You open some image in digiKam's image editor, you add some filters, do some transformations, use some color-altering-stuff untill you're satisfied with your creativity. Then you simply close the editor, autosaving kicks in, and bam, you have new version of your original image, which stayed completely untouched. Available versions can be then viewed/switched in the new sidebar widget (see pic below). The sidebar allows you to display all the available versions either as a simple list or as a tree, which is basically the same list with padded entries to reflect the relations between the images. Later it will also be possible to do some file operations in the sidebar, like Copy/Move/Remove etc. In the main view with thumbnails, (sub)versions are now marked by an (ugly) icon as you can see in the screenshot below, but I'm looking forward to hear your ideas about how to mark them in some better way (of course it will be on/off switchable). Let us hear your ideas or see your mockups!

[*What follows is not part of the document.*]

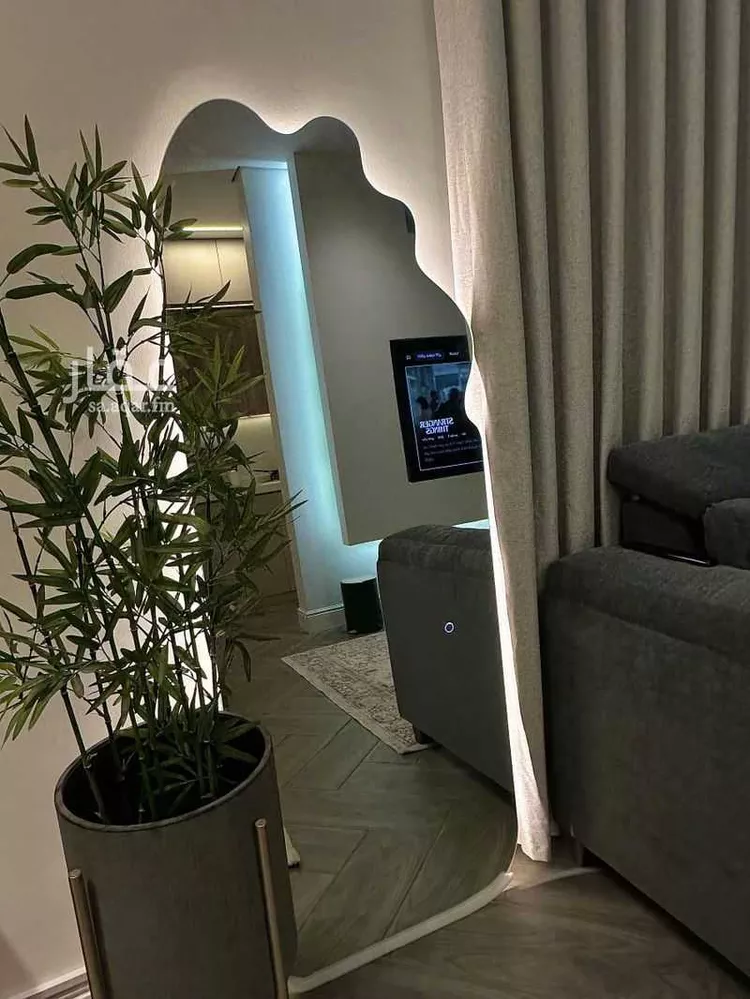 شقة مفروشة للحجز في خريص 305 ، حي النسيم الغربي ، الرياض ، منطقة الرياض 7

You can set in the options to have only the latest selected version visible in the main digiKam view, or to have all of them visible and viewable all the time. In the first case, you select the image, then in the sidebar you select which version do you want to see/edit/work with and the pics get switched. Simple as that. They are all physically in the same folder, with the same filename but with "_v1" appended for the first version, "_v2" for second etc. So yes, the versions are complete images, just like in F-Spot versioning. The image's versions are saved in the original image format, except RAW (of course) - format for storing RAW versions is settable in the Settings, for now it's possible to do the saving in PNG or JPG.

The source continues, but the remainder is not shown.